:: THE TASK ::
From the data below, copy each line that includes the word "Green".

-- RECORDS FOR THE TASK follows --

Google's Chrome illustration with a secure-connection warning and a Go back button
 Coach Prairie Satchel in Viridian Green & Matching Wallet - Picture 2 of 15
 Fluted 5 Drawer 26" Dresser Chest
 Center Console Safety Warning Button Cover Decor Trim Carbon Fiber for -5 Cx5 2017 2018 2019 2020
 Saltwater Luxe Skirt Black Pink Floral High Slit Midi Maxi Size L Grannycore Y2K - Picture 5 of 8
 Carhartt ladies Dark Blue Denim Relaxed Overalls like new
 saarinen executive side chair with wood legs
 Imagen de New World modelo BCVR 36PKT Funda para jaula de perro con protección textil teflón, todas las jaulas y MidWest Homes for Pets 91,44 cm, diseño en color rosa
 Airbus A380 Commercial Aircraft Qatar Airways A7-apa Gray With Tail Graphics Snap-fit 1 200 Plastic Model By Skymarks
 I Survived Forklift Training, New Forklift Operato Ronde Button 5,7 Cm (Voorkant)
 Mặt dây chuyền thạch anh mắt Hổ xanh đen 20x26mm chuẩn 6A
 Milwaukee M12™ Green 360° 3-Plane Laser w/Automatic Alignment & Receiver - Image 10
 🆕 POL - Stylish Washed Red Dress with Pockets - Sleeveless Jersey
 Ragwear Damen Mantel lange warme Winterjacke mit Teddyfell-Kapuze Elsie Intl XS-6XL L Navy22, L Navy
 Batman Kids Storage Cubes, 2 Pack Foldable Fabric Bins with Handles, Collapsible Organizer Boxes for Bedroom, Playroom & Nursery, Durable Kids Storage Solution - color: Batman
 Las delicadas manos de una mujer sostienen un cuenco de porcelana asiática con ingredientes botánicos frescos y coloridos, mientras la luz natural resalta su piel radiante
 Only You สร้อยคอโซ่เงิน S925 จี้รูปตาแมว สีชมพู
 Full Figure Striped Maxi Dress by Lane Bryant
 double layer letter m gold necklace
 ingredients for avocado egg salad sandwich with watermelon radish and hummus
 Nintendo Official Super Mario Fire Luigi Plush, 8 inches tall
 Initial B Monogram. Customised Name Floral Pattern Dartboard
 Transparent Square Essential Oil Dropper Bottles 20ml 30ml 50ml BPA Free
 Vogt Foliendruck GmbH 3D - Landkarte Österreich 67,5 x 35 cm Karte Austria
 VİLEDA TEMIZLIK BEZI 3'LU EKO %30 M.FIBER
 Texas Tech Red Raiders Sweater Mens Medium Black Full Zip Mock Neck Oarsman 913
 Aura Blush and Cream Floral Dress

-- RECORDS FOR THE TASK concluded --

:: YOUR RESPONSE ::
 Coach Prairie Satchel in Viridian Green & Matching Wallet - Picture 2 of 15
 Milwaukee M12™ Green 360° 3-Plane Laser w/Automatic Alignment & Receiver - Image 10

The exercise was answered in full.